Exercise brief: Could you repeat the entries below exactly, but only from the line with "Hardcover Prophetie und" through the line with "10 ks Dočasných", and without any picture?

Record extracts:
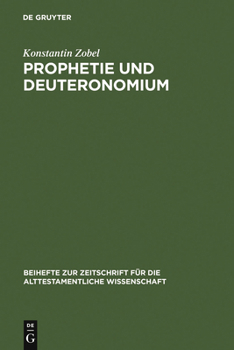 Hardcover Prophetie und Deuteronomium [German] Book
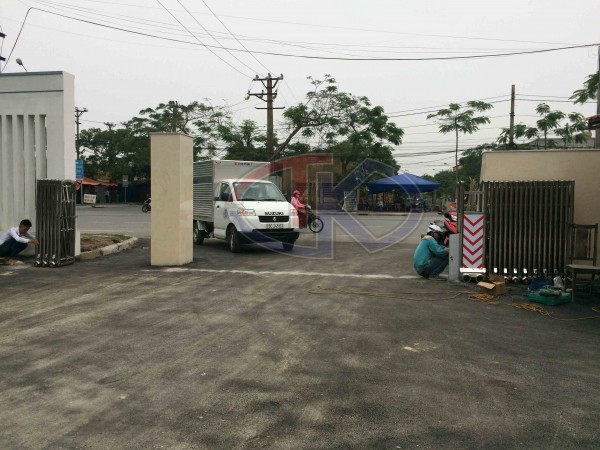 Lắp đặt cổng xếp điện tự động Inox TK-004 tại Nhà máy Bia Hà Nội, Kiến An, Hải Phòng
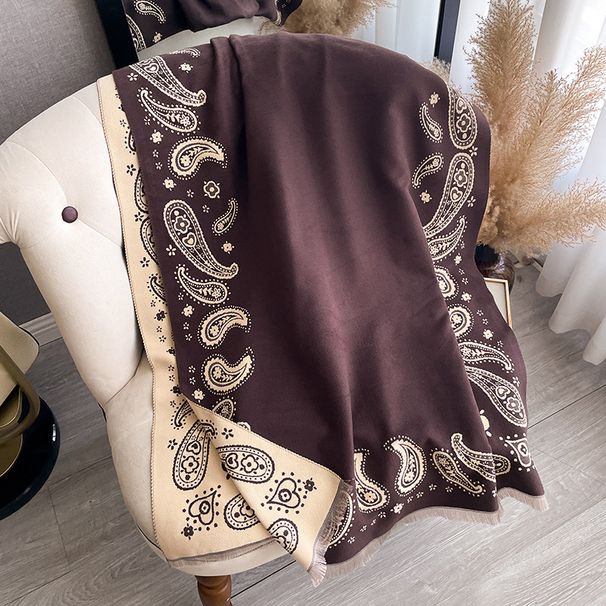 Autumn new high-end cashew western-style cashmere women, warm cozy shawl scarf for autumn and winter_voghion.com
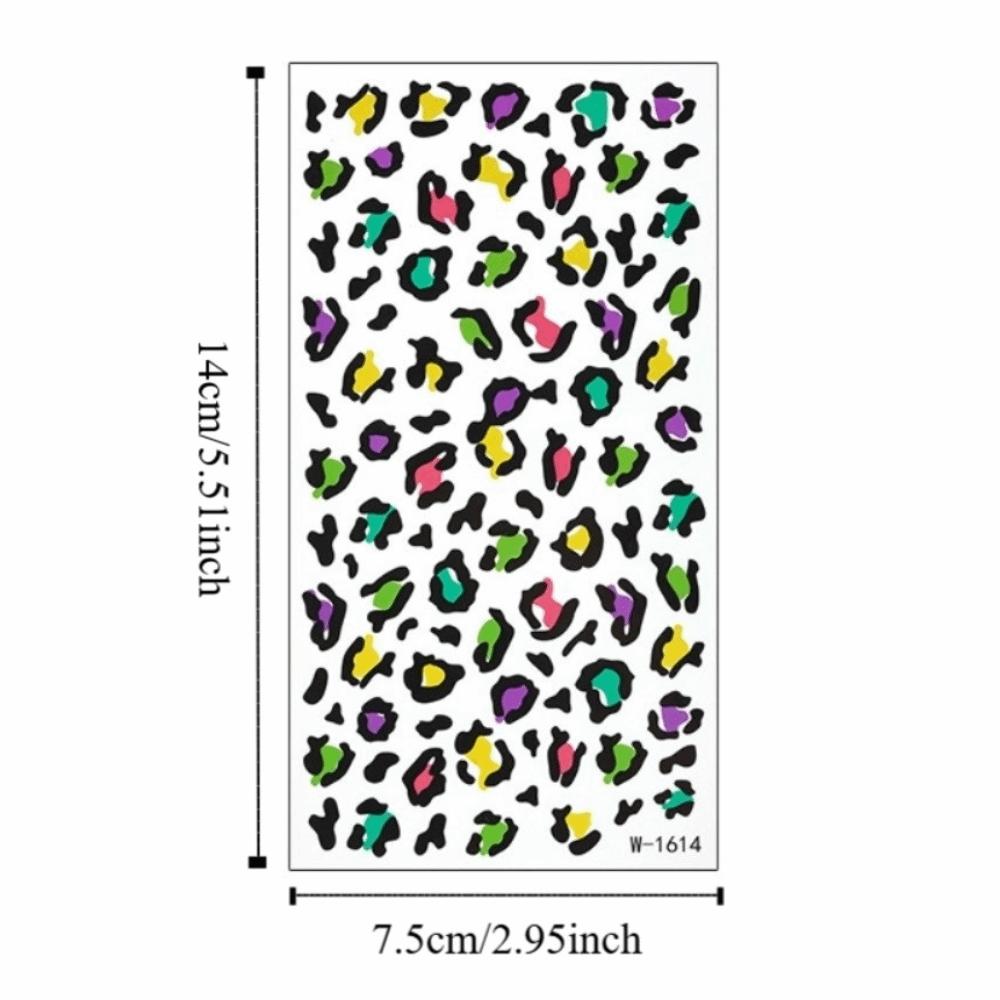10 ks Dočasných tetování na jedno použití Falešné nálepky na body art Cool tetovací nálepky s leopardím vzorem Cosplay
==
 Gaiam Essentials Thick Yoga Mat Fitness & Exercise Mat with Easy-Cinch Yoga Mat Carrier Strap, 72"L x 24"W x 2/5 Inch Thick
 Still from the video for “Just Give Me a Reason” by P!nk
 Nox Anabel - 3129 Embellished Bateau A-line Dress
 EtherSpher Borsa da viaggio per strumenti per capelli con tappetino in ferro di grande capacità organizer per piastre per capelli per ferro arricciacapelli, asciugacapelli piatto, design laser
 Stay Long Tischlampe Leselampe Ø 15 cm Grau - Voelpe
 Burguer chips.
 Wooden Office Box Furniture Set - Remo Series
* * *
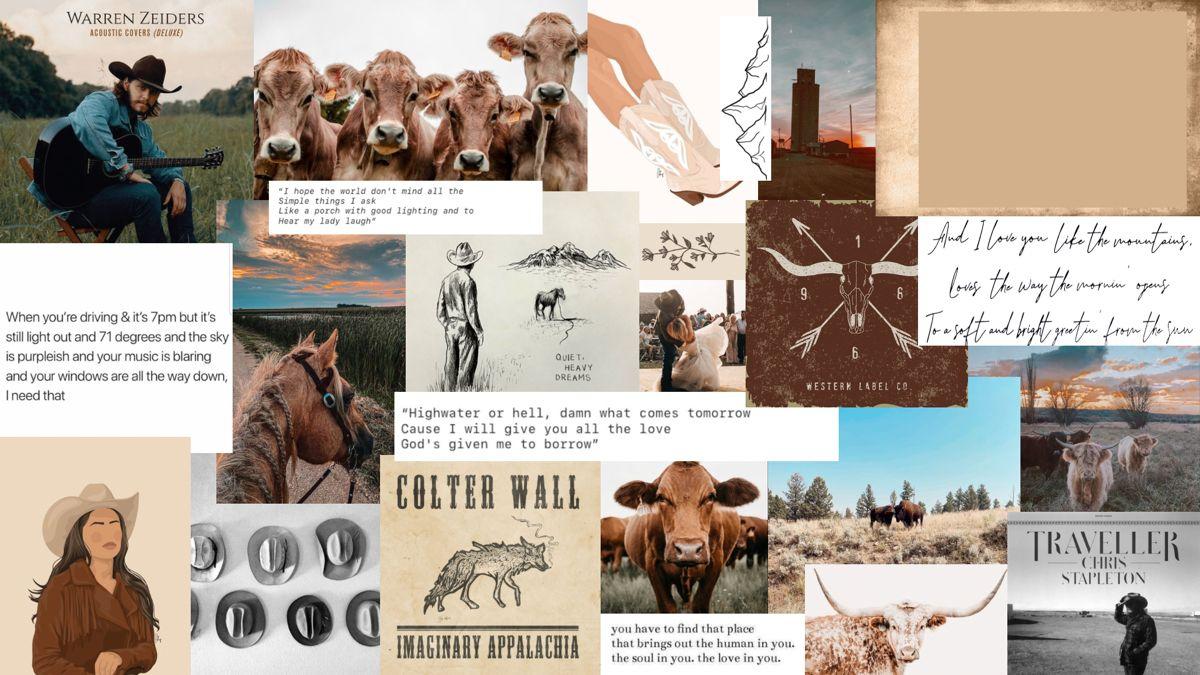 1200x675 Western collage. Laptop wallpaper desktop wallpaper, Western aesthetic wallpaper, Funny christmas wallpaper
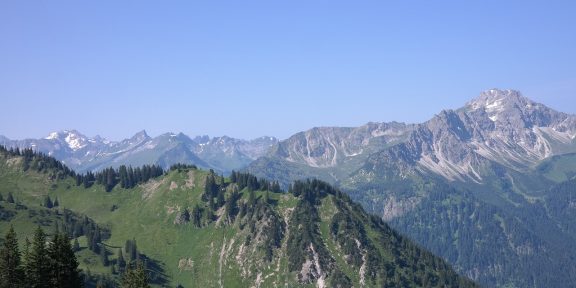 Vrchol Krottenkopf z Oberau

The completed task:
 Hardcover Prophetie und Deuteronomium [German] Book
 Lắp đặt cổng xếp điện tự động Inox TK-004 tại Nhà máy Bia Hà Nội, Kiến An, Hải Phòng
 Autumn new high-end cashew western-style cashmere women, warm cozy shawl scarf for autumn and winter_voghion.com
10 ks Dočasných tetování na jedno použití Falešné nálepky na body art Cool tetovací nálepky s leopardím vzorem Cosplay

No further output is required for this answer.